I shall begin this essay by stating my own position in relation to disability, before examining canonical themes in the built environment from a disability anthropology perspective, including structuralist arguments and their counterpoints. I shall then explore ways that disabled people experience different aspects of buildings and their infrastructures, supplementing existing anthropological literature with reporting from podcasts and newspapers throughout.

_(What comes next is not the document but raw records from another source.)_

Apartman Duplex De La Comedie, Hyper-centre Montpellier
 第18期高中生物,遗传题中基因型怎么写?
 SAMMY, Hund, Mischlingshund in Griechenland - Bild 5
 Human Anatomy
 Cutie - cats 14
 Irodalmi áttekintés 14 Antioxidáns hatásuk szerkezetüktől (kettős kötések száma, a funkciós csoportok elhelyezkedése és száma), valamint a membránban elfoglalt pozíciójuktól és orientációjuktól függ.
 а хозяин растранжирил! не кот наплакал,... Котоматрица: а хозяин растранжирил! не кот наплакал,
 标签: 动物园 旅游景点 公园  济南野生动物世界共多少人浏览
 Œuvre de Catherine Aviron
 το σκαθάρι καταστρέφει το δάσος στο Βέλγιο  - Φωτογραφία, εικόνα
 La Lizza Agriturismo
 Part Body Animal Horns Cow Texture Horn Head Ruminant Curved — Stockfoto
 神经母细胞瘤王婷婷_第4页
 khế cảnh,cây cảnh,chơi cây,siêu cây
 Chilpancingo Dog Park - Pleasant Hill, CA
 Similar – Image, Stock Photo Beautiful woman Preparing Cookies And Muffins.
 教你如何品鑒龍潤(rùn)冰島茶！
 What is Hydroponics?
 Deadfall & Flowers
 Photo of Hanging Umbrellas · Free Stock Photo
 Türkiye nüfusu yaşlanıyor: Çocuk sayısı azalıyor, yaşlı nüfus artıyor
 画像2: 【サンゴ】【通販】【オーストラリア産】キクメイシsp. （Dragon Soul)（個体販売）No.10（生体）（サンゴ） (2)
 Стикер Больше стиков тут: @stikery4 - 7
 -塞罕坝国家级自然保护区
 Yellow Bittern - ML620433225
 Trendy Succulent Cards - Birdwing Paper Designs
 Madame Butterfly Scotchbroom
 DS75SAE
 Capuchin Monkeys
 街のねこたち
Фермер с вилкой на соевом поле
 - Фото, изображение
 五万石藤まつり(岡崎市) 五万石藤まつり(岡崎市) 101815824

Finally, I shall discuss the ways in which the current Covid-19 pandemic, restrictions on movement and confinement to the home have shed light on situations many disabled people face in their everyday lives, and posit that the built environment forms a singular but significant facet of a more holistic “Disability Worlds” (Ginsburg & Rapp 2013) perspective in the anthropology of disability.

A Point on Positionality

On this subject, it is of utmost importance that I outline my personal motivations and perspective. Positionality is vital to anthropological authorship and modern disability narratives strongly advocate “Nothing about us, without us”, regarding the historical dominance of medical anthropology in the anthropological study of disability with scepticism and suspicion. This maxim has a long history and has been the rallying cry of many marginalised communities in the 20th century. In the late 1990s it came to be associated with disability activism in particular thanks to a publication by James Charlton, charting the role of society in disabling individuals.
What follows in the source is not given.